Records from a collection
+++++
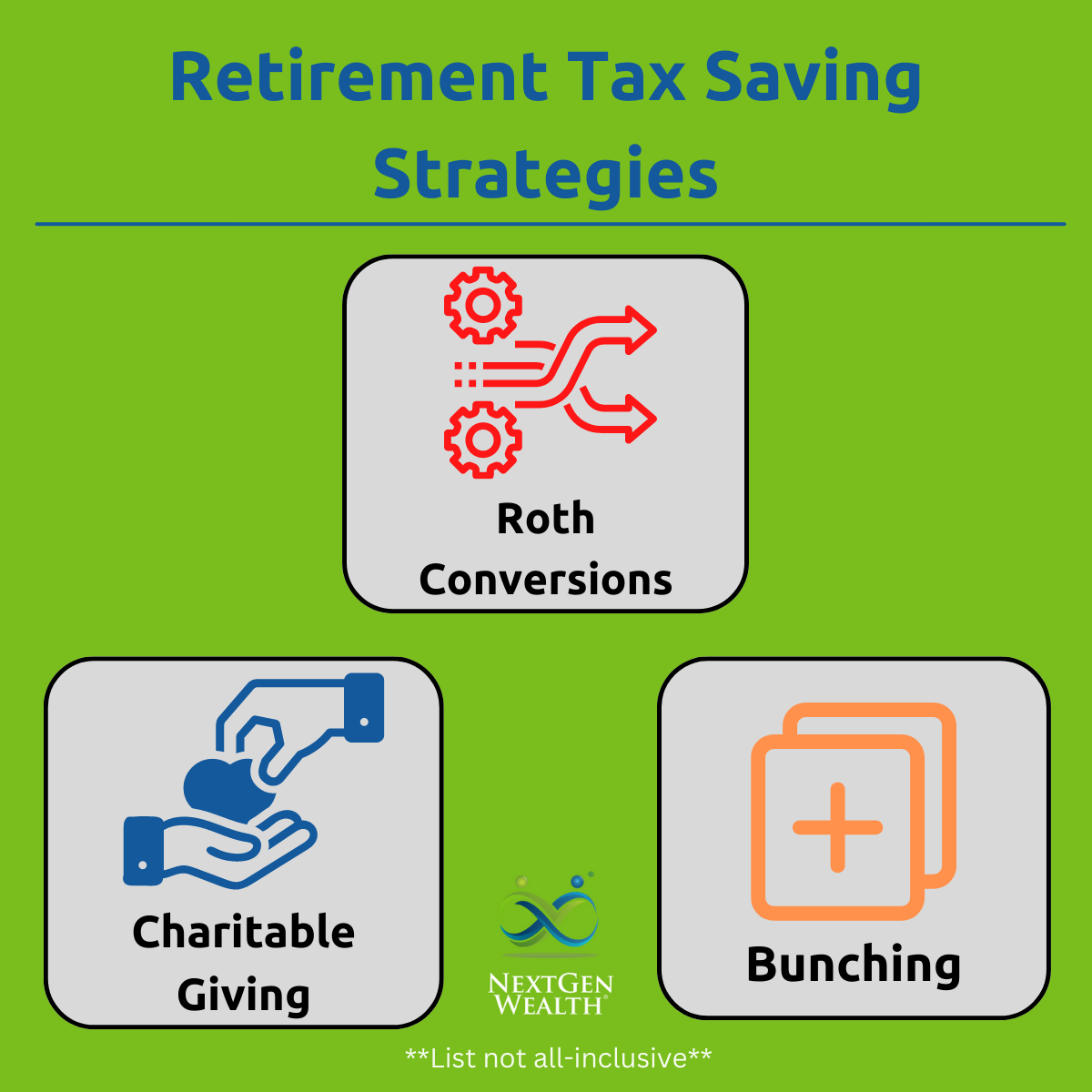 Retirement Tax Saving Strategies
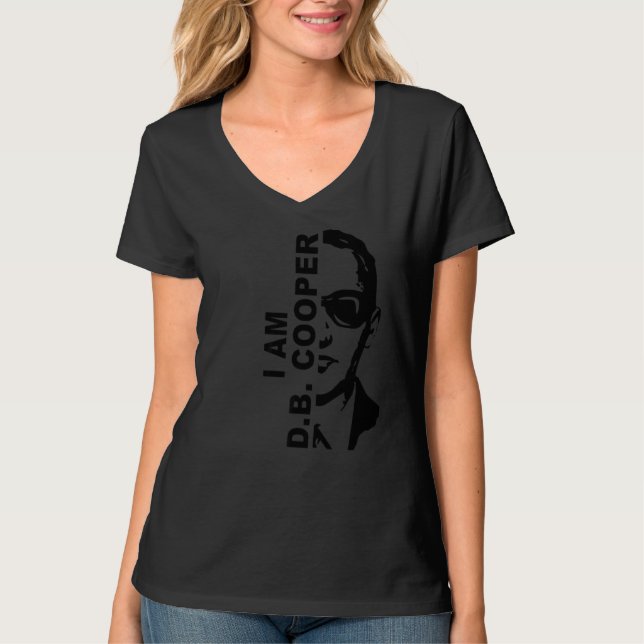Jag är D B Cooper T Shirt (Framsida)
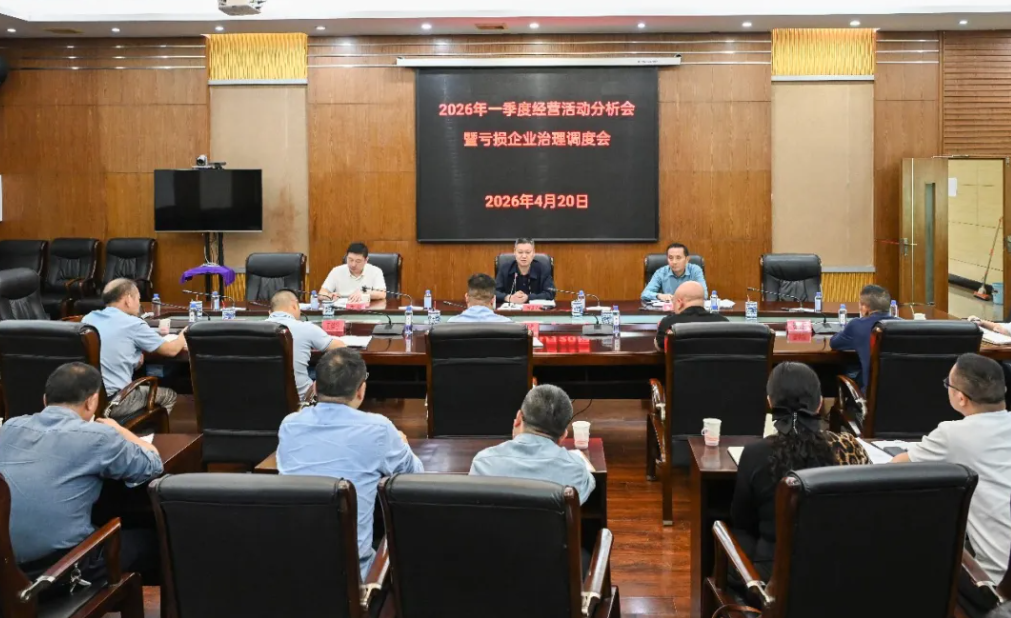 丰矿集团召开一季度经营活动分析会暨亏损企业治理调度会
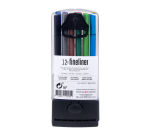 Fineliner Bruynzeel Teens étui 12 couleurs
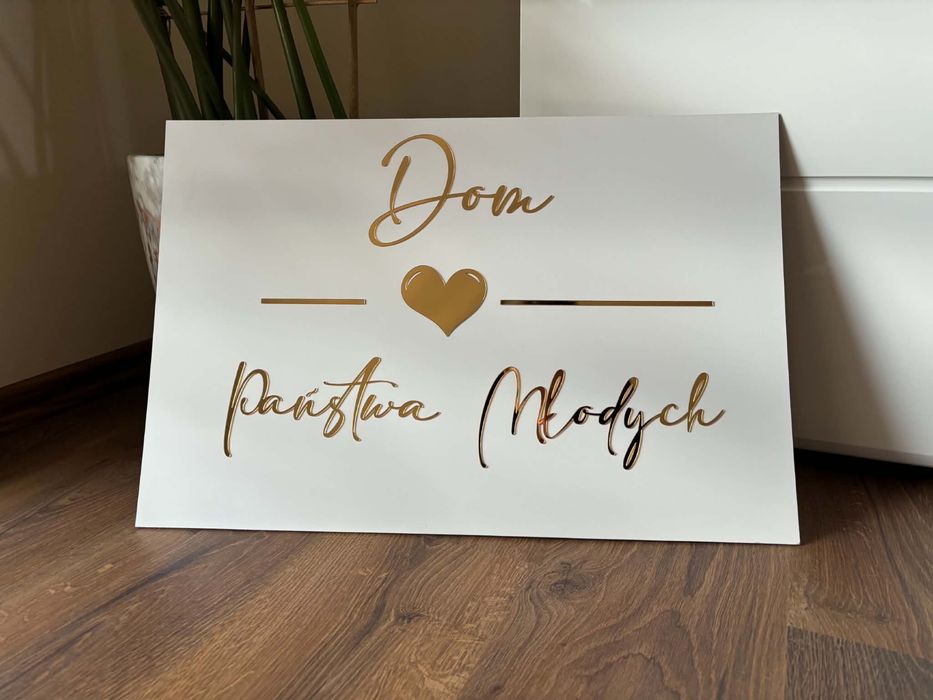 Tablica ślubna - Dom Państwa Młodych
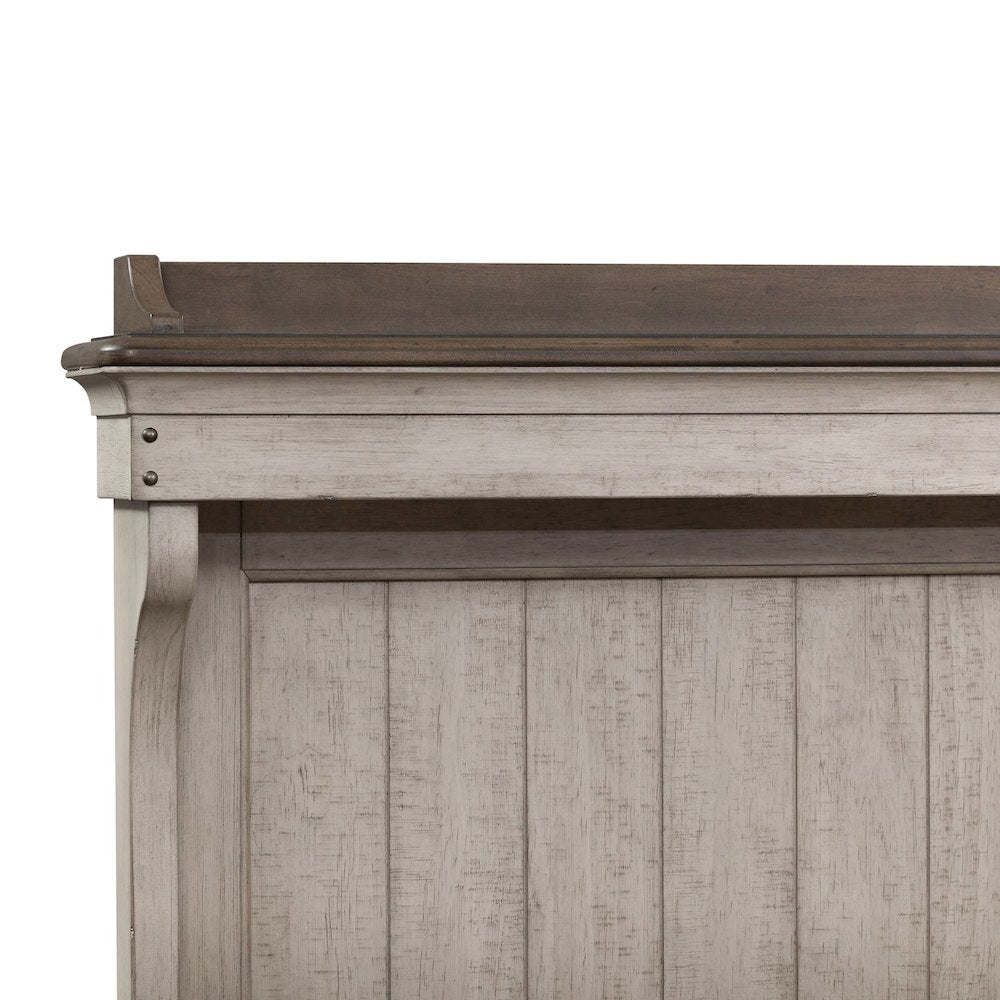 Ivy Hollow Queen Mantle Storage Bed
+++++
AIM OF THE EXERCISE: The expected answer is the data retyped exactly, without pictures.

OUTPUT OF THE EXERCISE:
 Retirement Tax Saving Strategies
Jag är D B Cooper T Shirt (Framsida)
 丰矿集团召开一季度经营活动分析会暨亏损企业治理调度会
 Fineliner Bruynzeel Teens étui 12 couleurs
 Tablica ślubna - Dom Państwa Młodych
 Ivy Hollow Queen Mantle Storage Bed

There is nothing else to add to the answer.